_WHAT NEEDS TO BE DONE_: Set down, word for word, the line with "Golden Light bulb" and the lines after it through the final line of the data below, without pictures.

_THE INPUT_:

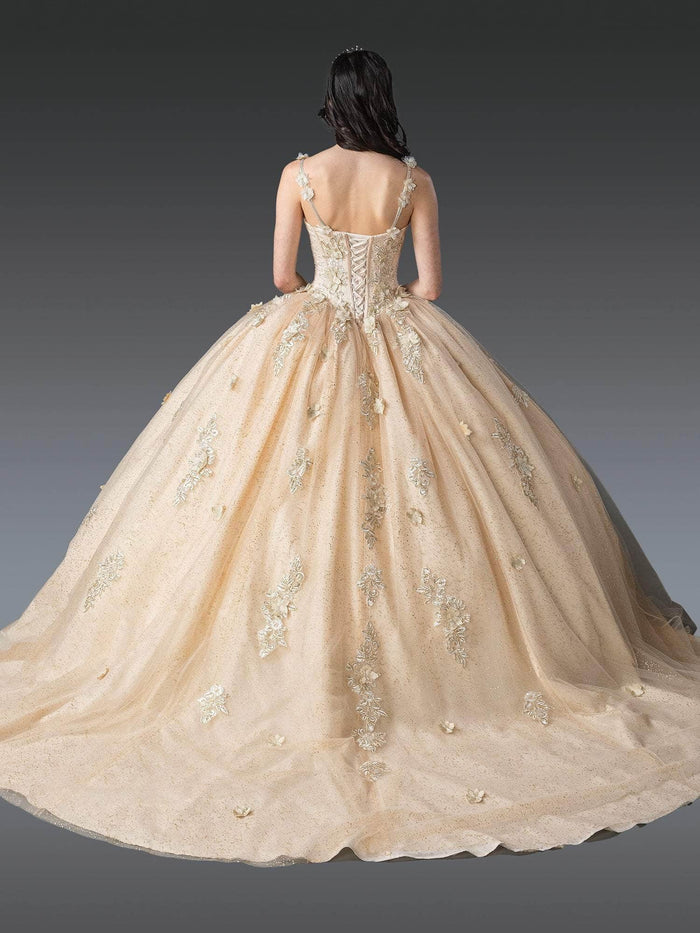Dancing Queen 1915 - Sleeveless Corset Bodice Floral Ballgown Quinceanera Dresses XS / Champagne
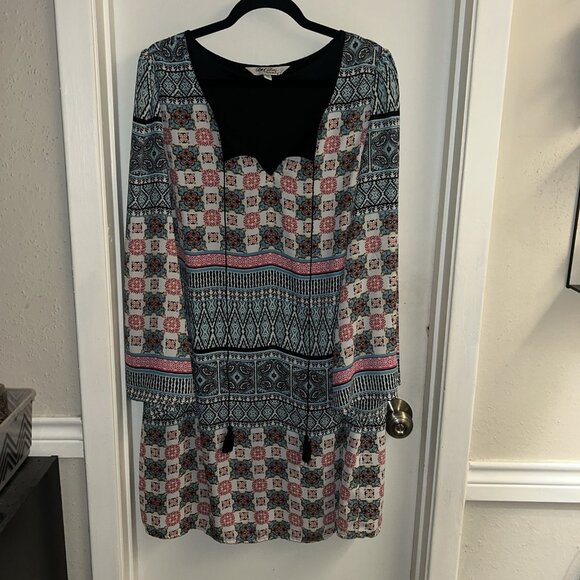 Speechless Blue Floral Long Bell Sleeve Boho Country Pullover Tunic Dress 1X - Picture 2 of 9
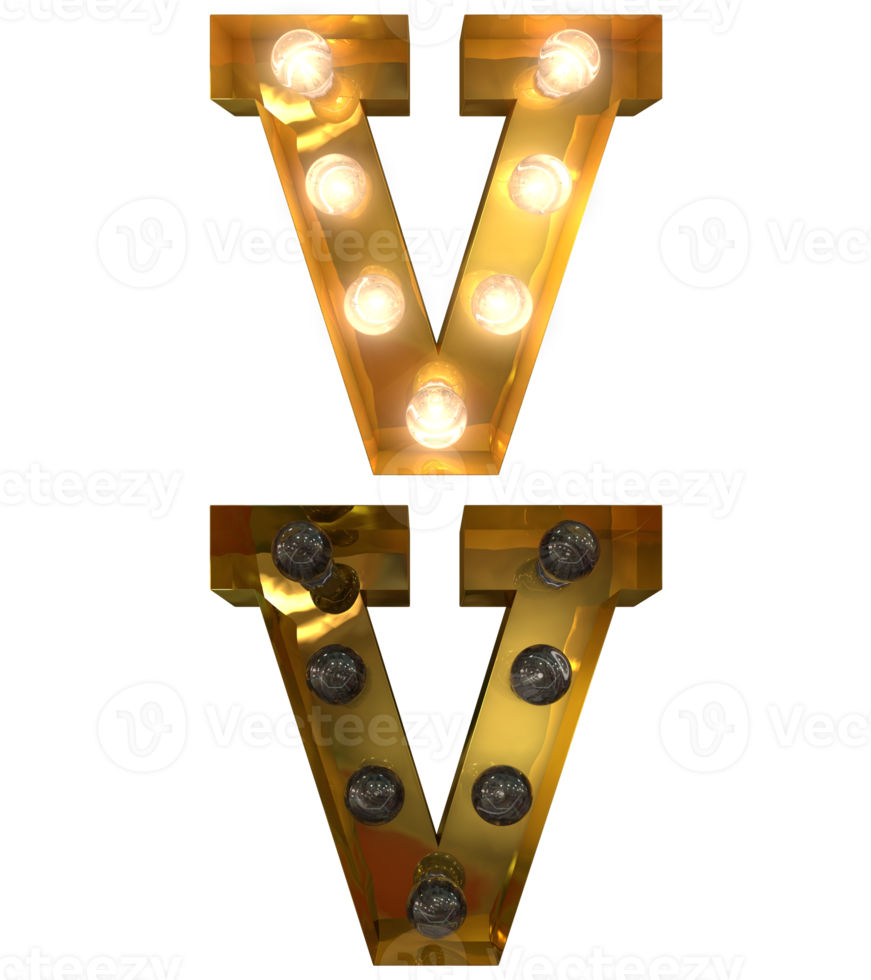 Golden Light bulb letters, typeface in ON and OFF state the character V png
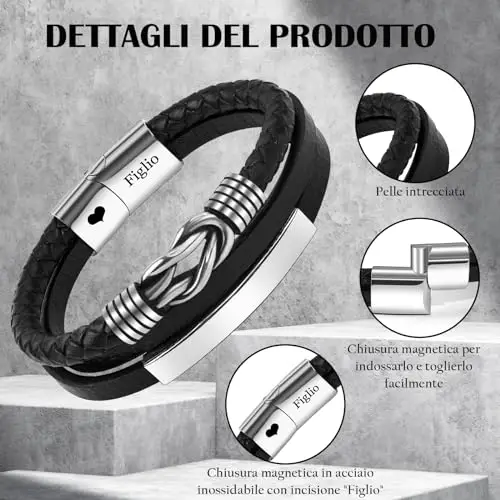 VU100 Bracciale Papà Regalo per Papà Regalo per la Festa del Papà Bracciale in pelle da Uomo Ti Voglio Bene Regalo di miniatura 2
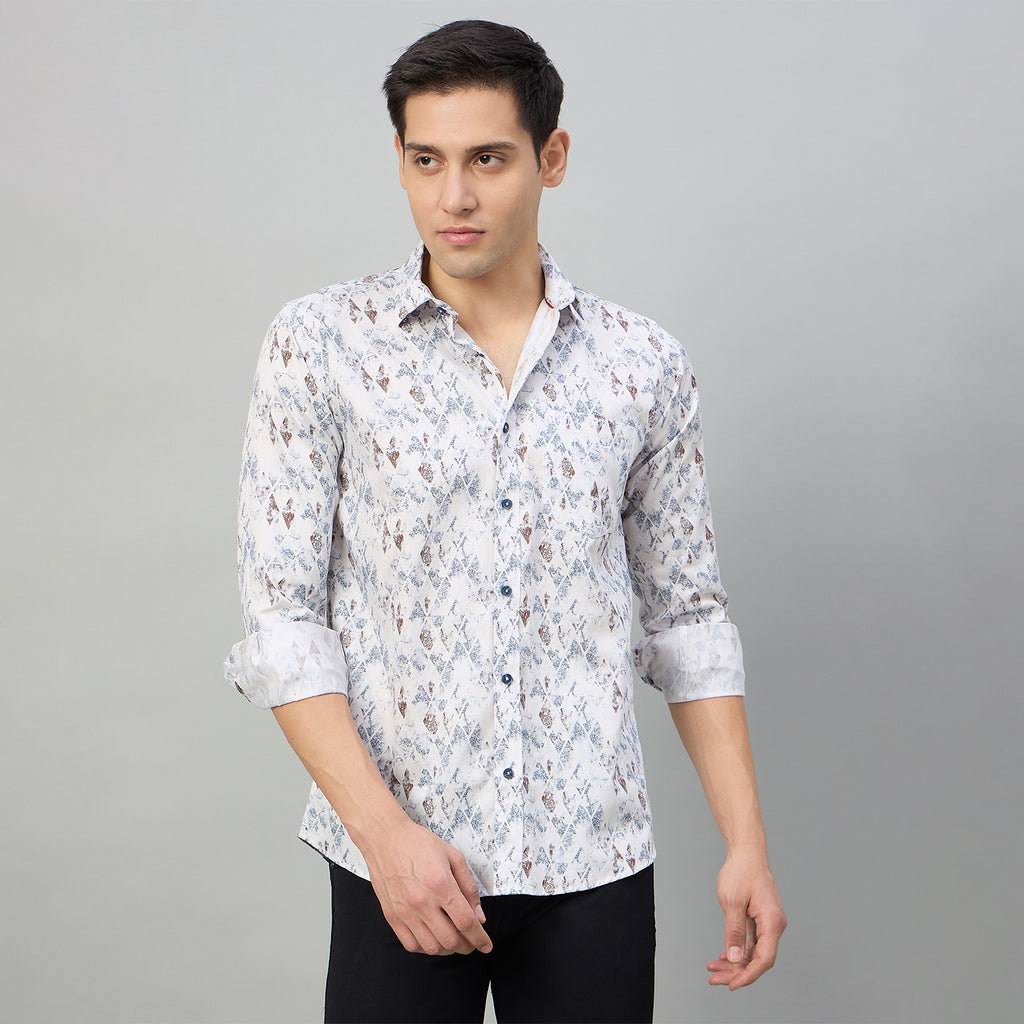 Duke Men Slim Fit Full Sleeve Short Style Cotton Shirt (SDO8PRBK)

_EXERCISE SOLUTION_:
 Golden Light bulb letters, typeface in ON and OFF state the character V png
 VU100 Bracciale Papà Regalo per Papà Regalo per la Festa del Papà Bracciale in pelle da Uomo Ti Voglio Bene Regalo di miniatura 2
 Duke Men Slim Fit Full Sleeve Short Style Cotton Shirt (SDO8PRBK)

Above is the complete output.